Okubo’s work has several threads of continuity that hold true throughout her repertoire. She is fond of adding as many overlapping patterns as possible, often through portrayals of detailed carpets, wallpapers, and textiles, which serve to create a kaleidoscopic atmosphere. She uses an abundance of floral patterns to create an overt sense of femininity. The figures in her paintings always hide their faces, either with a magazine or some other object or simply by facing away from the viewer. These shy and hidden figures, with their black bobs of hair, are modeled after the artist herself and serve to inspect the artist’s own feelings about personal appearance.
“When people develop their identity, they use their appearance, and they use images from various media.
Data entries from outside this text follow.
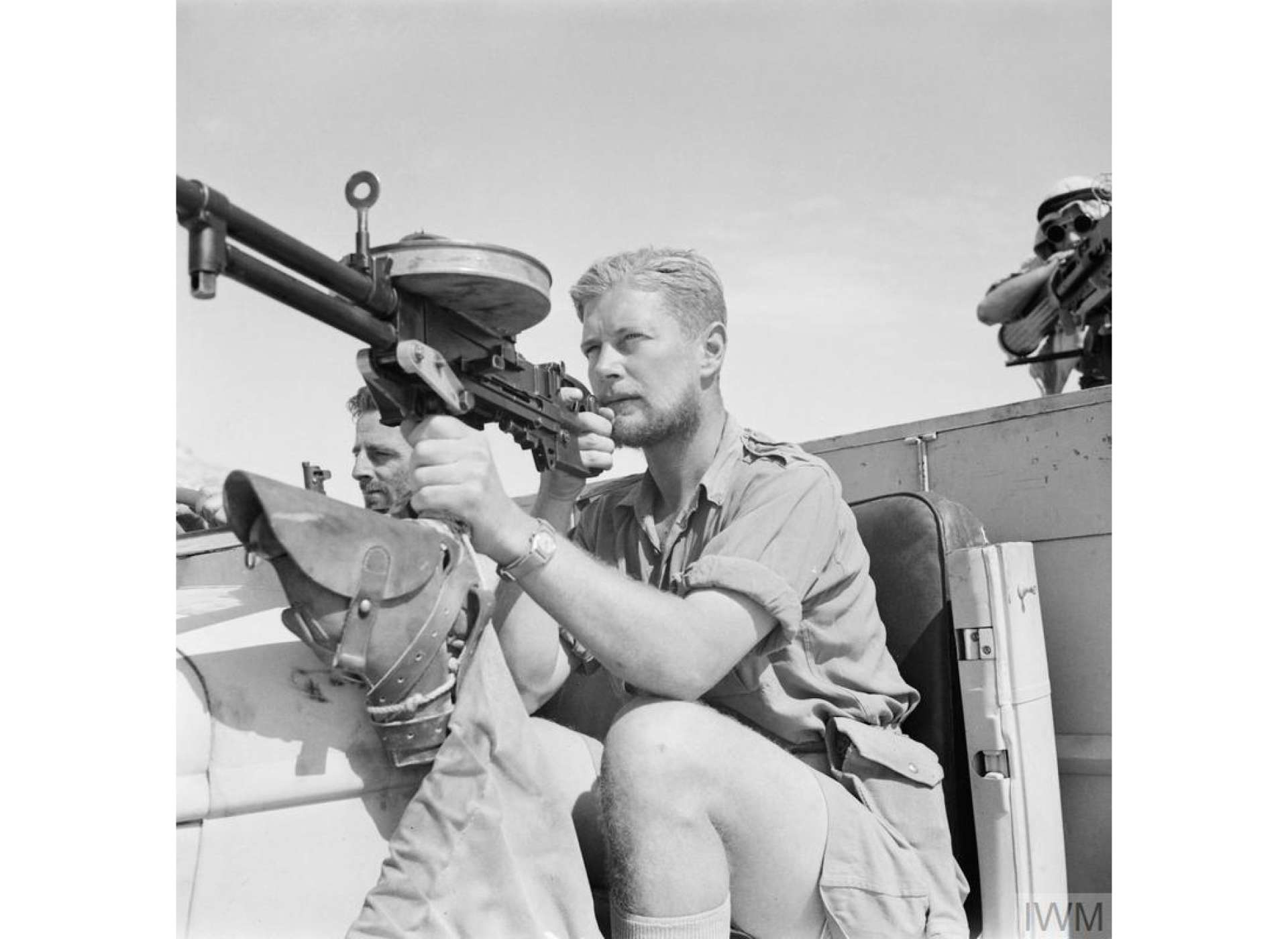 A member of a LRDG patrol with a Vickers &#039;K&#039; machine gun on a Chevrolet 30-cwt truck, May 1942.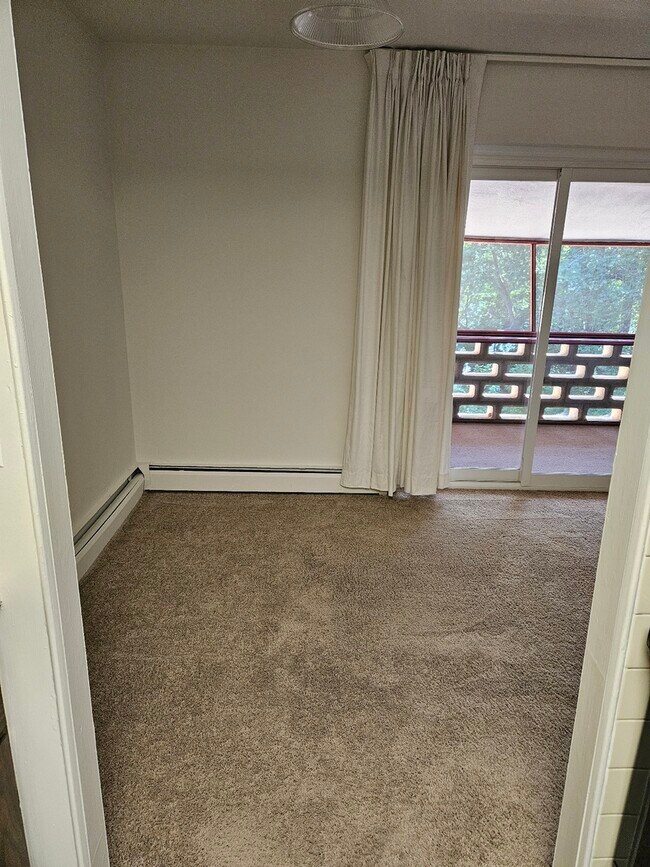 G34 Dining Room - Lake Club Apartments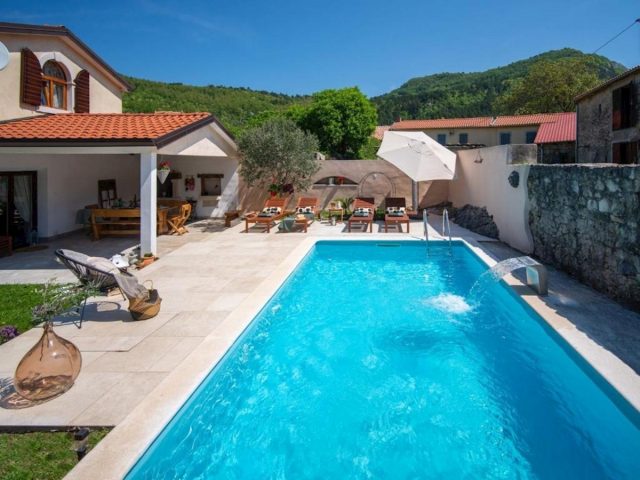 Maison à vendre 155 m² – Lupoglav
They’re usually idealistic images. . . If I paint the faces, people can recognize if they’re happy or crying – but if I don’t paint the faces, then people can think about the painting more,” says Okubo.
Okubo connects many of her ideas about social representations to Japanese culture specifically. In Japan, as in other less-individualistic societies, getting along smoothly with someone else is more important than showing off yourself, according to Okubo. These societal expectations create a culture of conformity and make it difficult for people who do not fall into the right categories. Okubo links these societal conditions to her experiences with bullying as a child, which were the first moments when she began to think about appearance’s effects on the treatment of the individual.
“In Tokyo… and in other developed nations, mass media provides us not only with images of created physical appearances but also images of lifestyles and ways of spending our time that happen to be artificial constructs. We admire these images and adopt them but we are overly exposed and consume these images a bit too much. We become confused about what is real and what is contrived. The consequence is that we become addicted to them.”
Naomi Okubo is originally from Tokyo where she graduated from Musashino Art University but currently, she lives in Brooklyn working on an artist’s fellowship granted by the Japanese Agency for Cultural Affairs.